"Nasty Girl" is a song written and composed by American musician Prince. The song was first recorded by his protégée girl group Vanity 6 in 1982, who charted at number one on the US Hot Dance Club Play chart with their version. Prince gave the songwriting credit to lead singer Vanity, although he was the writer and composer. Inaya Day recorded a hit cover version of the song in 2004 that reached number 9 in the UK Singles Chart. There have also been several other versions of this song.

Background
"Nasty Girl" was originally recorded by Vanity 6 on the Warner Bros. Records label for their self-titled debut studio album Vanity 6. The song was produced by Prince and issued as the album's second single on September 24, 1982. Due to its explicit lyrics, "Nasty Girl" met with resistance on mainstream American radio, peaking within the US Bubbling Under Hot 100 Singles chart. It did, however, become a sizable hit on US R&B radio and it hit number one on the US Hot Dance Club Play chart for four weeks in November 1982. The song was knocked off the number one position by Prince's own "1999."

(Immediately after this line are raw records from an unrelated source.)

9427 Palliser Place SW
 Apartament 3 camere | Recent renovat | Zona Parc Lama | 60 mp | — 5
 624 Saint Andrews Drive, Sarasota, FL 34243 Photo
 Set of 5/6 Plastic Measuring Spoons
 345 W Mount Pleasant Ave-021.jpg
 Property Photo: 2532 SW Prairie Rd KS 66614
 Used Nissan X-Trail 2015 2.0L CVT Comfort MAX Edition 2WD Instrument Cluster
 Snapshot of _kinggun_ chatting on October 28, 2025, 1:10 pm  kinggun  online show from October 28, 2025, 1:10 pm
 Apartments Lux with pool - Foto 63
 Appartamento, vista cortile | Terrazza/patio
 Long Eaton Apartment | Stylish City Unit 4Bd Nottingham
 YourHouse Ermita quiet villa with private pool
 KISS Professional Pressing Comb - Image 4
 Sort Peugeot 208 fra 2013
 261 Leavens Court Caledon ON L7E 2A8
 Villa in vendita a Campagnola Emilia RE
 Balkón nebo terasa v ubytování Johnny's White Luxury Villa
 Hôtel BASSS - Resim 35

The lyrics's explicit content ultimately ends in a let-down for the woman from whose perspective they are written, concluding with the disappointed recitation, "Oh, is that it? / Hmph--wake me when you're done. / I guess you'll be the only one having fun."

"Nasty Girl" reached number 7 on the Dutch singles chart in November 1982, and number 11 on the Belgian (Flanders) chart in December 1982. Lead singer Vanity, who later became a Christian preacher, subsequently denounced the song and told members of her congregation who listened to the song to "keep praying for the Holy Spirit".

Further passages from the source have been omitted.